La primera vez que estuve en Lisboa, me quedé menos de veinticuatro horas. Un grupo de compas de la U estábamos de mochileros en Madrid. Nos encantaba, pero B. y yo queríamos conocer Lisboa también y teníamos un pasaje de Eurail. Una noche nos montamos juntos en el tren en Madrid y amanecimos en la capital portuguesa. Fue antes del euro, por lo que teníamos que cambiar pesetas o dólares a escudos. Pero llegamos tan temprano que ni siquiera habían abierto los bancos. Salimos de la estación de tren sin desayunar y sin mapa, a vagar por Lisboa.
Pasamos el día errando por allí, entre plazas, callejuelas y cuestas empinadísimas. No recuerdo cómo, pero sin planearlo ni saberlo fuimos a dar al Castelo de São Jorge. En sus murallas nos quedamos largo rato, dejando que nos calentara el sol y viendo la ciudad y las aguas. A B. le robé un par de besos en la muralla, pero ella quiso que se los robara. Luego continuamos vagando por la ciudad. No recuerdo detalles, sino sensaciones: placidez, libertad, extrañamiento, curiosidad, embelezamiento.
Al final ni siquiera cambiamos dinero. Las comisiones del cambio eran demasiado altas para cambiar unos pocos dólares. Comimos de las provisiones que ya llevábamos en nuestros salveques, pan o galletas y queso supongo. No nos montamos en bus ni en metro, ni compramos media copa de vino ni café. De por sí estábamos quebrados. Éramos mochileros. Sólo caminamos y nos sentamos en fuentes en medio de plazas y en bancas en los interiores de iglesias. Y yo le robé más besos. En la plaza, no en la iglesia.
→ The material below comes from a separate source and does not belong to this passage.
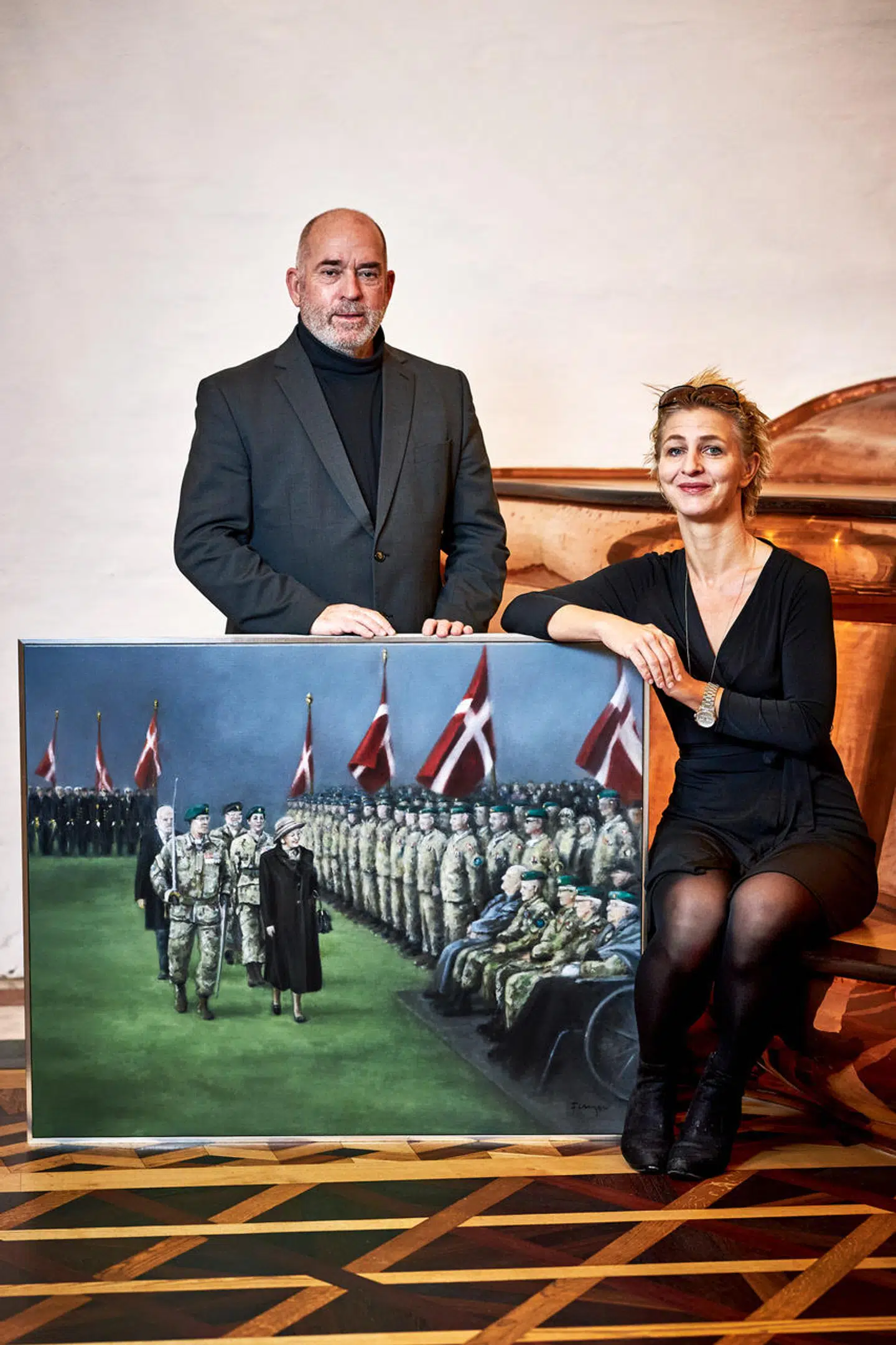 Maleri af dronning Margrethe, der inspicerer Hjemmeværnet i forbindelse med Hjemmeværnets 70 år-jubilæum i 2019. Ved siden af værket kunstmalereren Mathilde Fenger og formand for Hjemmeværnsfonden Søren Espersen (DF).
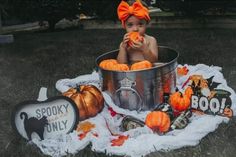 a baby sitting in a metal tub with pumpkins and booze on the ground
Y no por religioso, sino para que no me acusaran de atropello cultural.
Esa noche, nos montamos exhaustos pero felices en un tren de vuelta a Madrid. Así nos ahorramos dos noches seguidas de hotel. En términos financieros, fuimos los dos peores turistas de toda la historia de Portugal. No gastamos ni un centavo de escudo.
Pero en términos de alegría de vivir, sentir y explorar sin necesitar del dinero, creo que nadie en Lisboa ha disfrutado más que nosotros de veinteañeros, un poco aventureros y atrayéndonos. Ni nadie ha querido tanto regresar a Lisboa como B. y yo. Ella ya no puede ir. Tiene una hija en Arkansas. Pero yo mañana por la noche abordo el avión y, después de tantos años deseándolo, espero que la Vida me permita aterrizar en Lisboa. Esta vez me esperan buenos amigos.